2015-2016 saw the performance and premiere of new works, including When Adonis Calls with Operamission (recently selected by Opera America for a 2017 fellowship); American Opera Projects’ Composers and the Voice series; a concert at National Sawdust of recent and upcoming operatic works, with American Lyric Theater; and concerts with the Da Capo Chamber Players at Merkin Hall and Bard.
His recent roles include Marcello and Schaunard in La Bohème with Lyric Opera of Virginia and Dicapo Opera Theater. He also worked on Gotham Chamber Opera’s innovative double-bill of Monteverdi’s Il combattimento di Tancredi e Clorinda and the world-premiere of Lembit Beecher’s I Have No Stories to Tell You.

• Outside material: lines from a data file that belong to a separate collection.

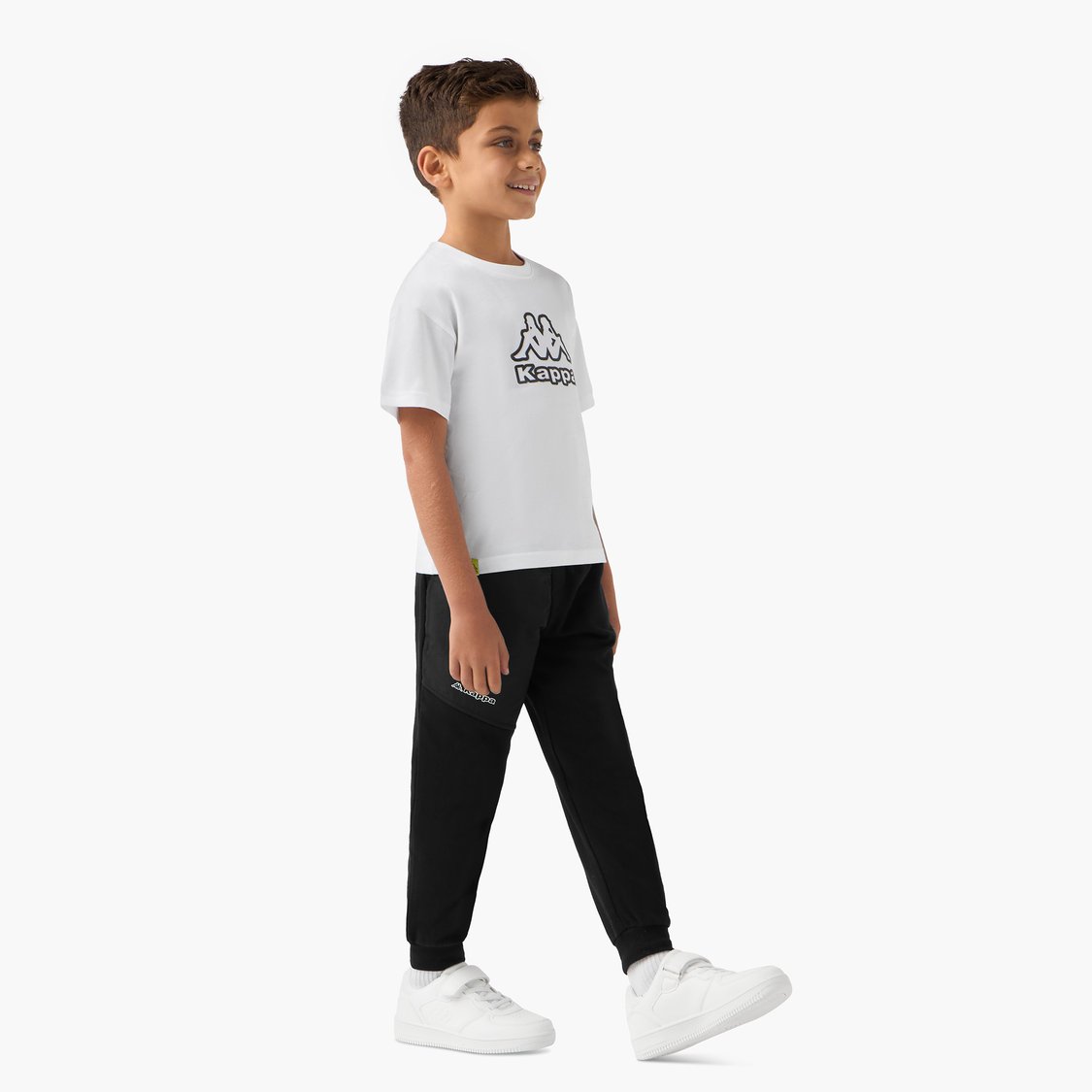 Kappa Logo Print Joggers with Drawstring Closure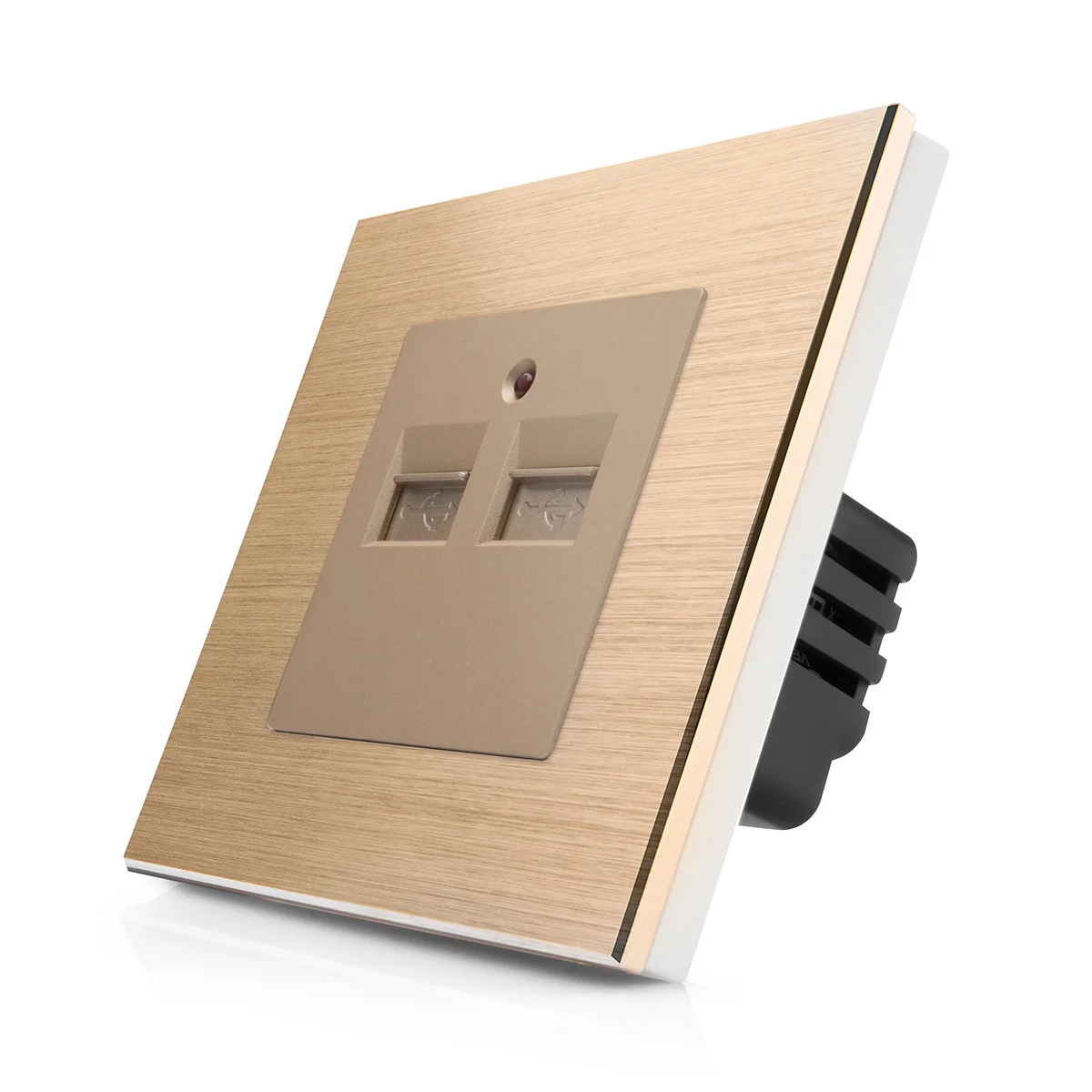 Kompletní zásuvka s rámečkem z broušeného hliníku ROON R-Socket-USB-ALU-GG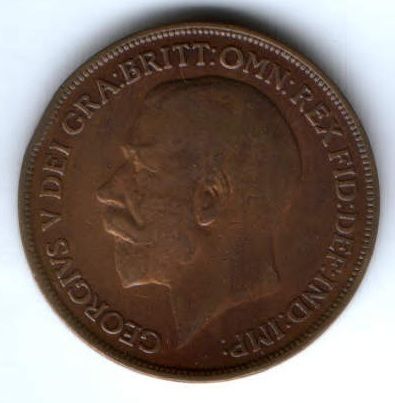 1 пенни 1915 г. Великобритания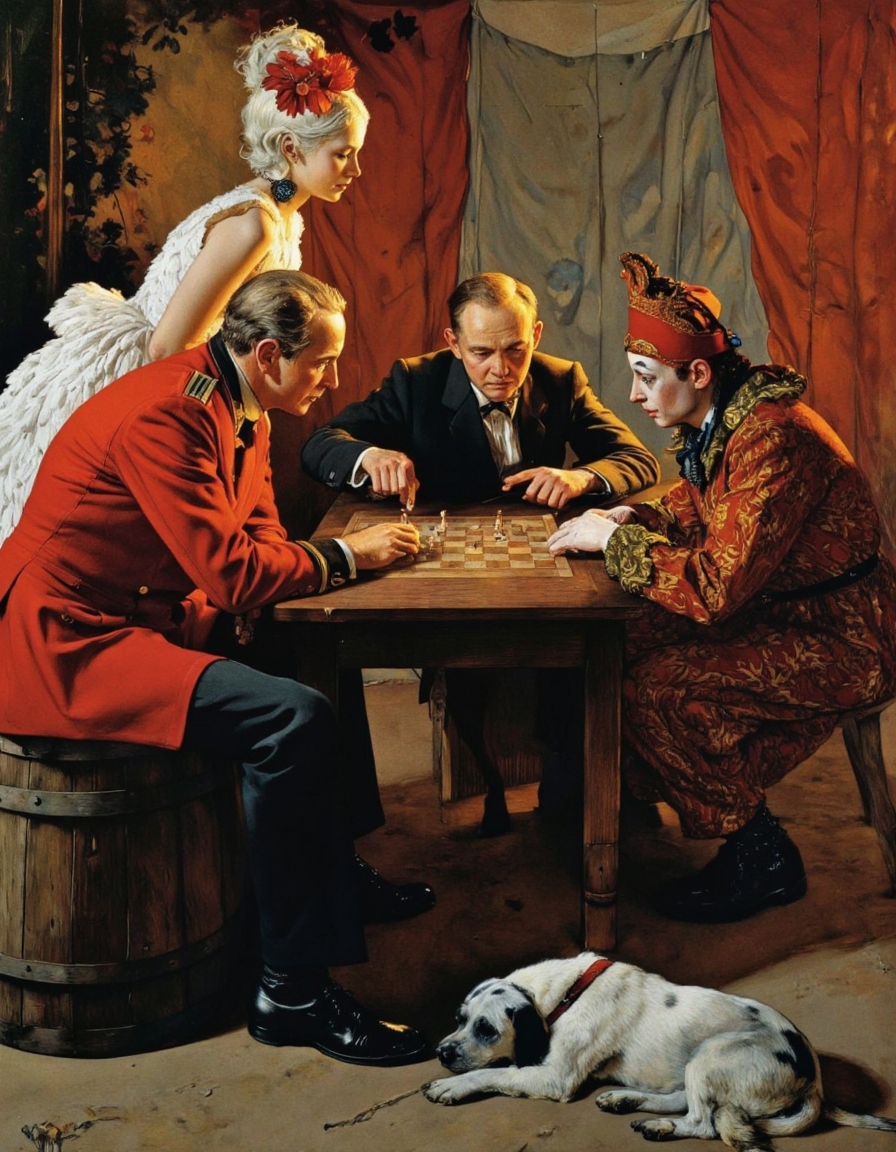 Art by Norman Rockwell. A painting of a circus scene with three clowns and two men playing chess in a tent. the scene is set in a dimly lit circus tent with warm, golden light streaming through the tent, creating a dramatic atmosphere. on the left side of the image, a man in a red military uniform sits at a wooden barrel, looking intently at a woman in a white feathered dress with a red flower in her hair, who appears to be in her late twenties or early thirties. the woman is standing behind the man in the red uniform, her face partially obscured by her white hair. the man sitting at the table is wearing a black suit and has a serious expression on his face, his hands clasped together in front of him. the clown on the right side is sitting on a stool, wearing a red and gold outfit with a white face paint and a red hat, and is facing the viewer. his eyes are directed at the woman in the white dress, who is looking at him with a gentle expression. a small dog lies on the ground next to the table, looking up at the scene.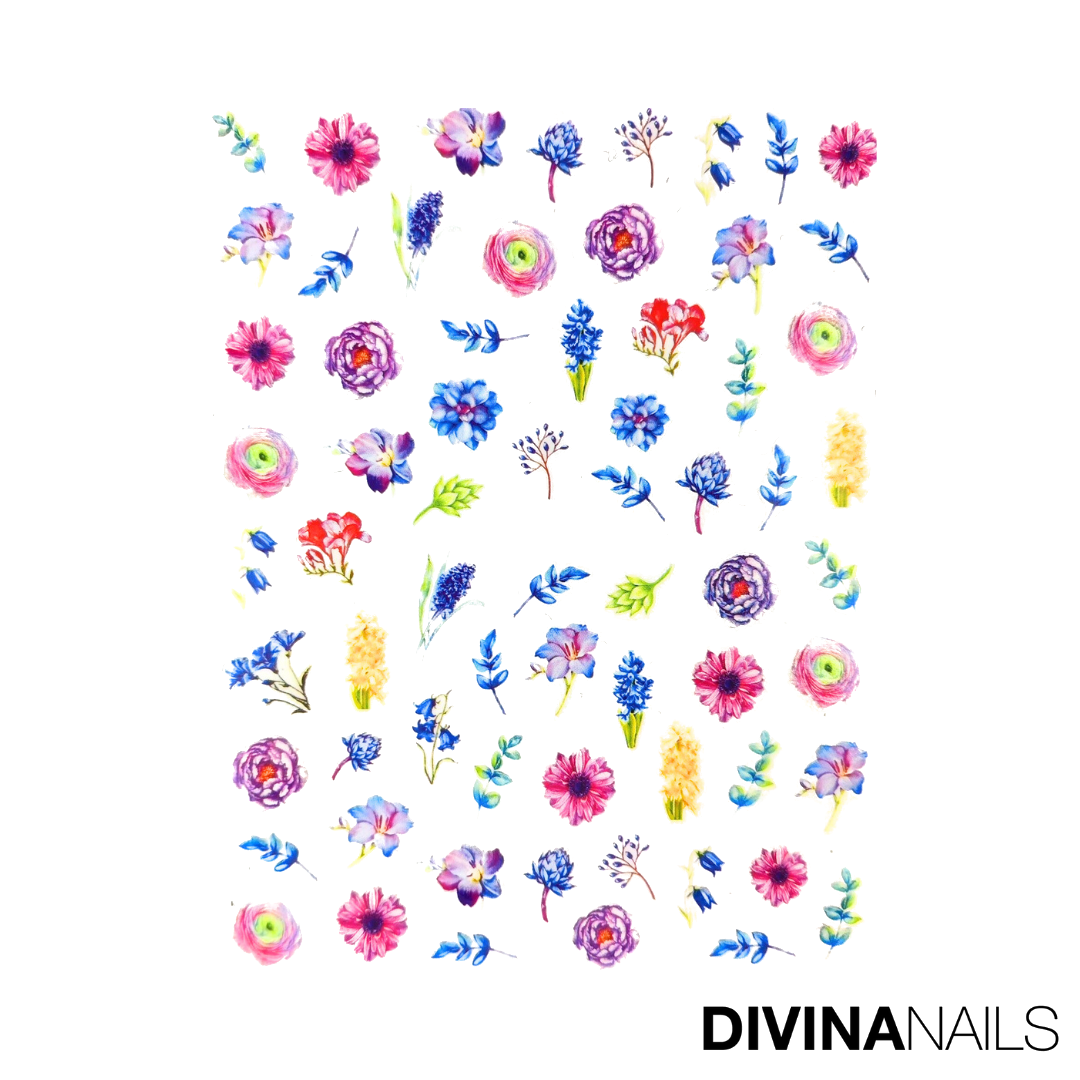 WATER DECAL - COLORFUL FLOWERS - 062 - Stickers decorazioni adesivi unghie per nail art per la primavera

He then sang the world-premiere of Edward Hamel’s Approach Prune Destroy Begin with the renowned Talea Ensemble at the 2014 MATA Festival in New York City. In Europe, he performed as soloist with the Copenhagen Oratorio Choir in the Bach Christmas Oratorio and Handel’s Messiah, and also toured Lithuania with pianist Justas Servenikas in a recital featuring Schumann’s Dichterliebe and Barber’s Hermit Songs.
In the 2012-2013 season, he appeared as Schaunard in La Bohème with Opera Tampa and Maximilian in Fresno Grand Opera’s production of Candide. His performance in the North American premiere of Handel’s first opera, Almira, with Operamission in New York City, described by Anthony Tommasini of The New York Times as “movingly performed”. He also sang debuts with Bourbon Baroque in Rameau’s Les Sauvages and with the new music vocal ensemble Ekmeles in a premiere by New York composer Randy Gibson, and won the Art Song Preservation Society of New York’s Mary Trueman Vocal Arts Competition.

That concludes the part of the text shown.